[[ Data, beginning ]]
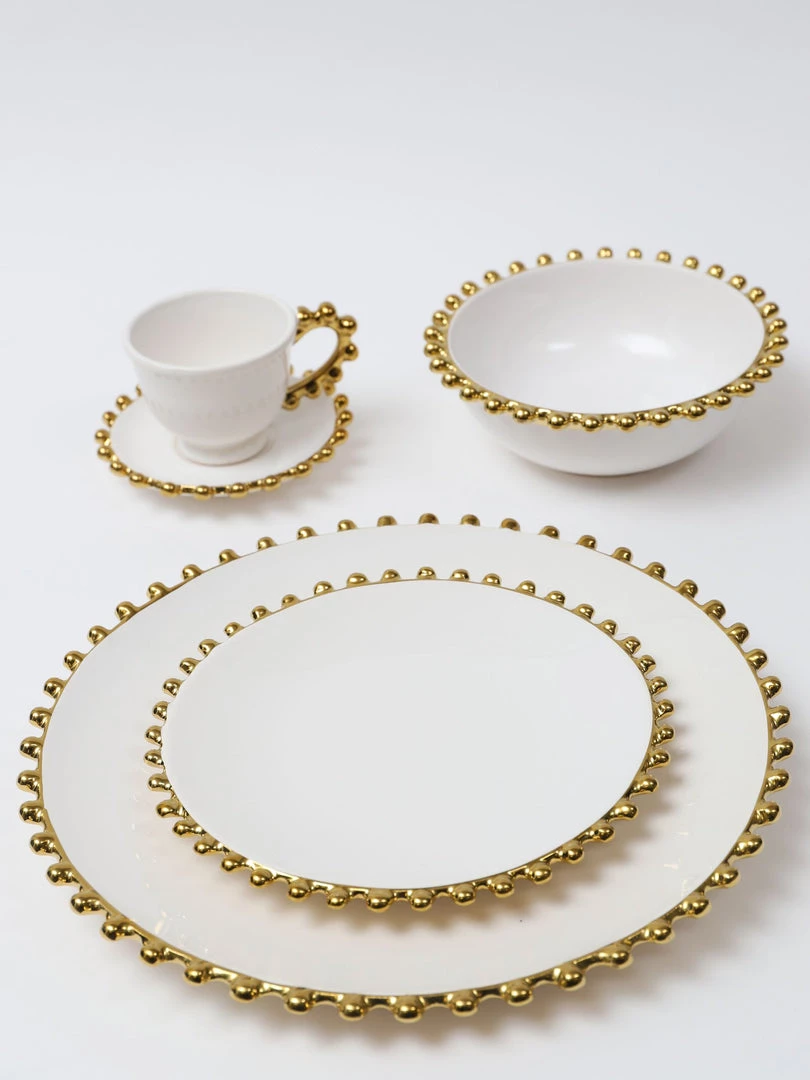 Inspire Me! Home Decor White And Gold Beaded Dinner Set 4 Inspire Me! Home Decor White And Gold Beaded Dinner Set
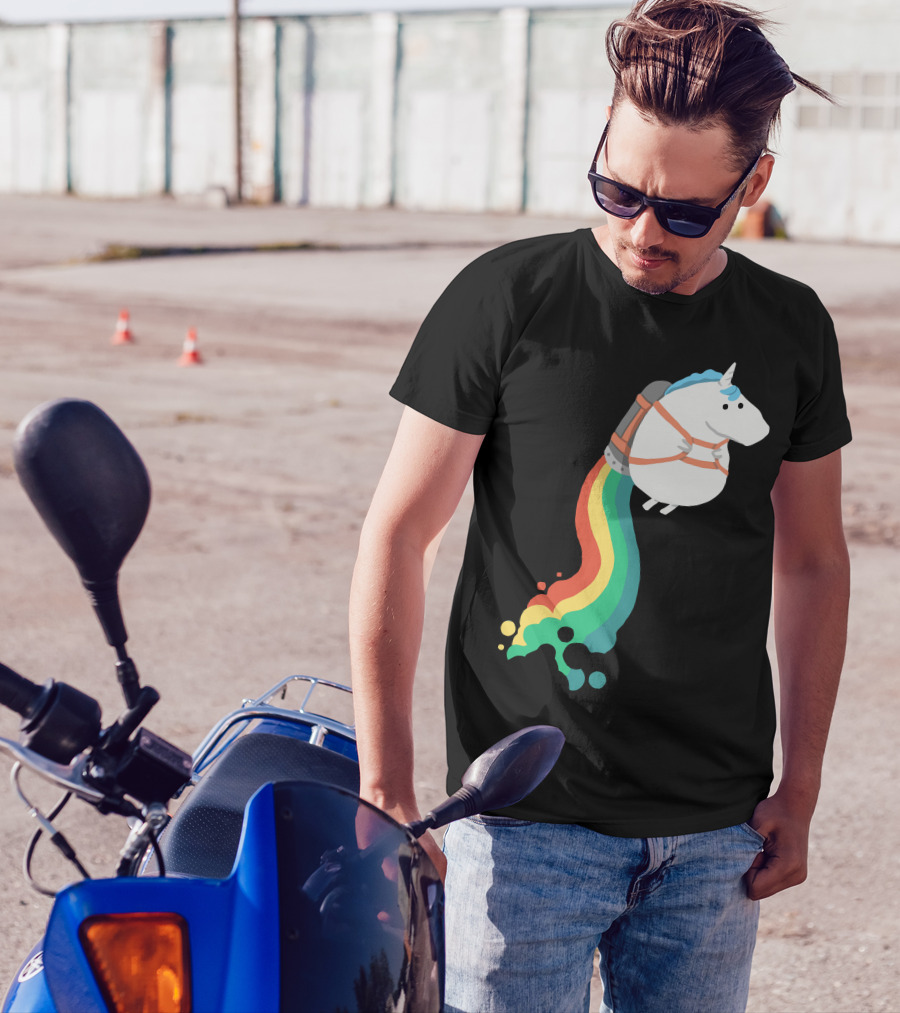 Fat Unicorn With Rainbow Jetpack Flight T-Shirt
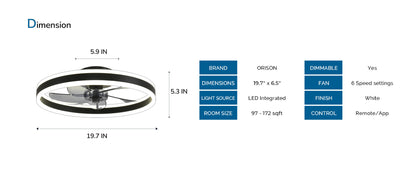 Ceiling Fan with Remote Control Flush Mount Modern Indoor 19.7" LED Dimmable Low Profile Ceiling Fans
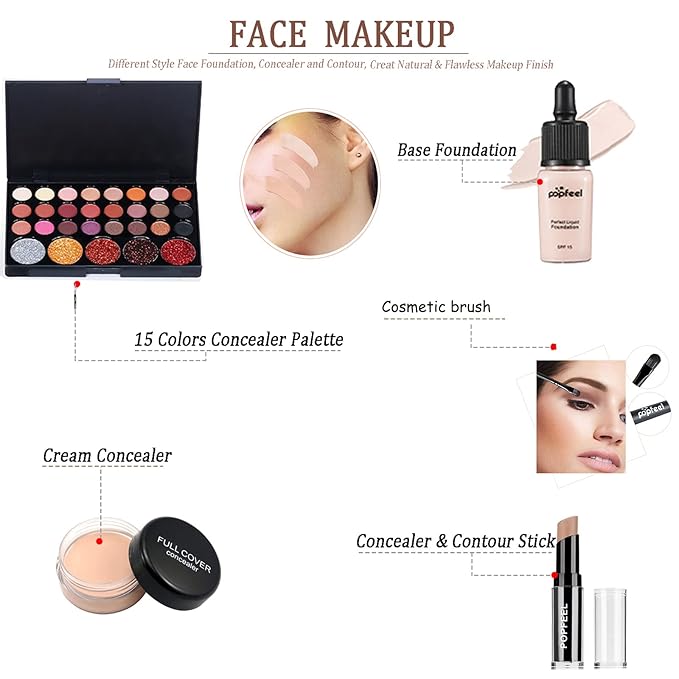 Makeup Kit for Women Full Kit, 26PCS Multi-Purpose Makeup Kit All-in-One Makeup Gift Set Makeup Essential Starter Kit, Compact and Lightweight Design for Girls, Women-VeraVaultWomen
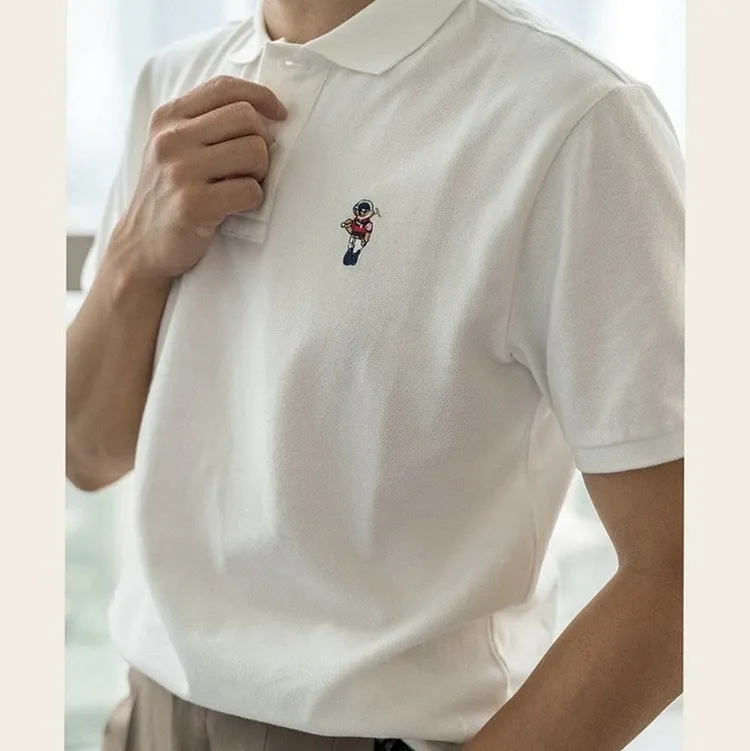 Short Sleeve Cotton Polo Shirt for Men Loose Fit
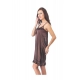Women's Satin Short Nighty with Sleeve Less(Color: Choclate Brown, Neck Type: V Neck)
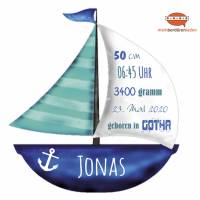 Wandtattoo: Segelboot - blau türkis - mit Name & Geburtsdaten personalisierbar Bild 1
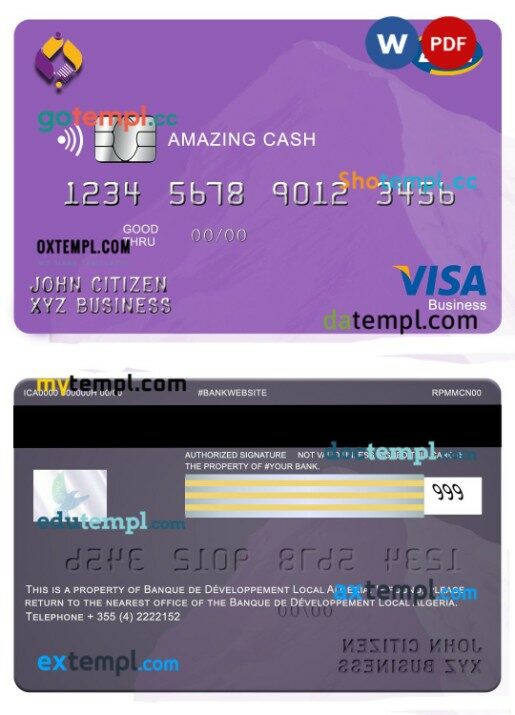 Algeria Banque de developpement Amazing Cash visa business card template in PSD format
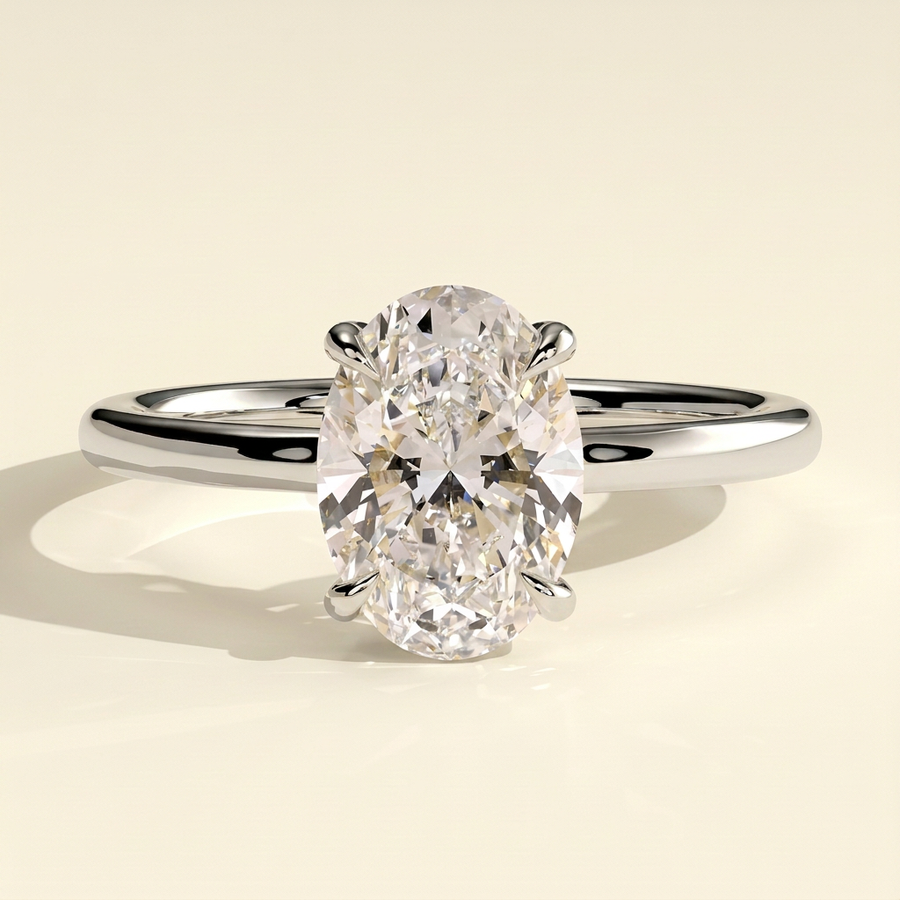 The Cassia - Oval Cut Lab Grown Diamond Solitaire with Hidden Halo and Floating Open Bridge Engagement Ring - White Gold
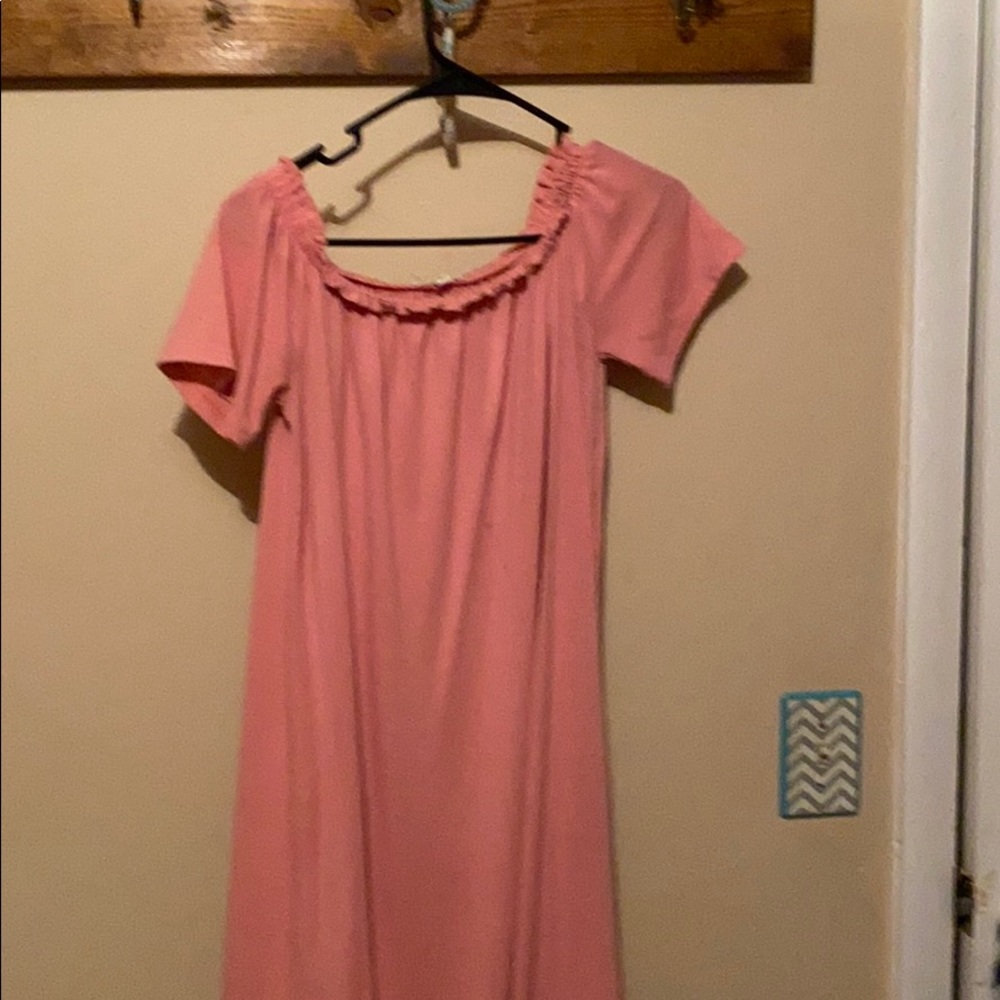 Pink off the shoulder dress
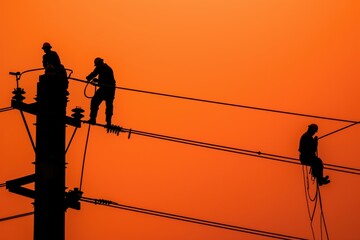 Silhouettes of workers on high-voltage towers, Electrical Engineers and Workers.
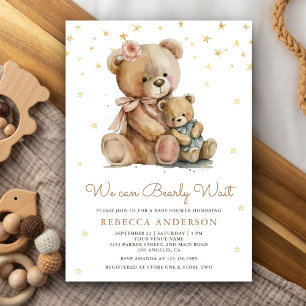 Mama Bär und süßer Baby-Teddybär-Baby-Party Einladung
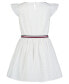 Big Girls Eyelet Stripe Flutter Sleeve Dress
[[ Data, end ]]
Omitting the images, transcribe every record exactly.

» **Exercise result**:
 Inspire Me! Home Decor White And Gold Beaded Dinner Set 4 Inspire Me! Home Decor White And Gold Beaded Dinner Set
 Fat Unicorn With Rainbow Jetpack Flight T-Shirt
 Ceiling Fan with Remote Control Flush Mount Modern Indoor 19.7" LED Dimmable Low Profile Ceiling Fans
 Makeup Kit for Women Full Kit, 26PCS Multi-Purpose Makeup Kit All-in-One Makeup Gift Set Makeup Essential Starter Kit, Compact and Lightweight Design for Girls, Women-VeraVaultWomen
 Short Sleeve Cotton Polo Shirt for Men Loose Fit
Women's Satin Short Nighty with Sleeve Less(Color: Choclate Brown, Neck Type: V Neck)
 Wandtattoo: Segelboot - blau türkis - mit Name & Geburtsdaten personalisierbar Bild 1
 Algeria Banque de developpement Amazing Cash visa business card template in PSD format
 The Cassia - Oval Cut Lab Grown Diamond Solitaire with Hidden Halo and Floating Open Bridge Engagement Ring - White Gold
 Pink off the shoulder dress
 Silhouettes of workers on high-voltage towers, Electrical Engineers and Workers.
 Mama Bär und süßer Baby-Teddybär-Baby-Party Einladung
 Big Girls Eyelet Stripe Flutter Sleeve Dress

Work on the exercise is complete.